The leader encourages the group members to be curious about and receptive to any thought or feeling, regardless of how “wrong,” transgressive,” or “rebellious” it is. I found it really difficult to not only feel something, but identify it, figure it out enough to put it into words, and then get past my own prohibitions to actually say it out loud.
One of the principles of this method is to voice thoughts and feelings, rather than act on them, impulsively or unconsciously. It creates the possibility of a gap, an interruption, between a strong emotion and an action. So me being me, I immediately started to wonder how this practice might work to stop or prevent not only interpersonal but also structural violence.
One thing Modern Analytic theory hasn’t talked a lot about is structural violence and oppression. The thoughts and feelings and projections that groups evoke and process are understood, largely, to be related to how we became a person in our families, in our lived experiences, and how we keep re-enacting those past experiences in the present moment.
There appears to be less practice in the field in helping people talk about the ways those experiences are also, at the same time, shot through with ideologies, with the impacts of structural and historical violence, with internalized oppression that stems from our being out of step with the dominant culture’s picture of what a “good” or “valuable” human being looks like, sounds like, what status they have, how much power they wield, etc.
I’ve been wondering: What would it be like to take this analytic group practice and use it to analyze feelings and thoughts in the context of structural violence and ideologies of domination like patriarchy and white supremacy?
I’ll give you an example of what I’m imagining as I ask this question. Picture a group of cops, sitting in a circle in an analytic process group.
In the process group, the cops have a chance to look at how they’ve both individually and collectively absorbed and re-enacted this ideology, and the ways in which policing is rooted in the history of enslavement in the United States.
Then the facilitator of the group—ideally also a cop—helps the cops begin to name the ways their feelings and projections onto “criminals” and “people who look suspicious” and “people who look upstanding” are rooted in this larger structure. The participants use the group to explore how their perceptions of others are influenced not just by their own personal histories, but also by these larger structures.
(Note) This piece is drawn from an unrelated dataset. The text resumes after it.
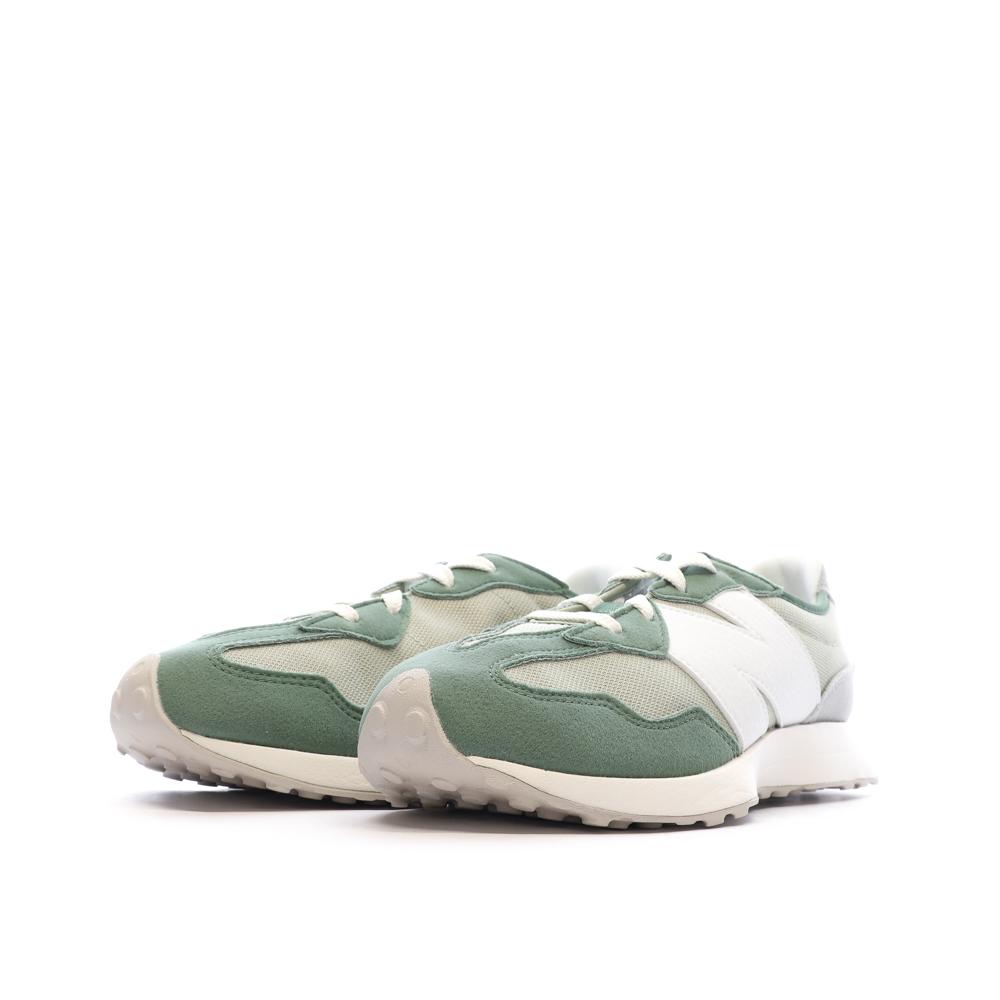 New Balance New Balance 327 Baskets Vertes/Grises Garçon WS327MT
To be clear, I’m not talking about naming unconscious bias in the individual cop. I’m talking about using the group as a hive mind to explore ideologies, and a space of radical acceptance for all the feelings, all the projections of the group’s members. The purpose of the group is not so much to create insight into the emotional process of any individual member, but rather to employ the root concept in Modern Analytic theory– that to name and process feelings and projections in words can prevent unconscious or impulsive actions that harm.
The question becomes: could the group’s collaboration in “making conscious” these categories of identity help them not only process the shame and rage and hatred and longing and terror that they feel every day on the job, but also could it help them become conscious of these feelings as they arise and shape their behavior on the street and in court? Could they get better and better at seeing these projections and feelings in real time? Could they, instead of blocking this awareness out of shame or self loathing, use it to help them slow down, help them stop their own and their collective brutality?
And if this model worked, could it be used in other contexts, like Fortune 500 companies, or Hollywood, to help executives recognize their internalized patriarchal views of women as objects onto which to project and enact sexual violence?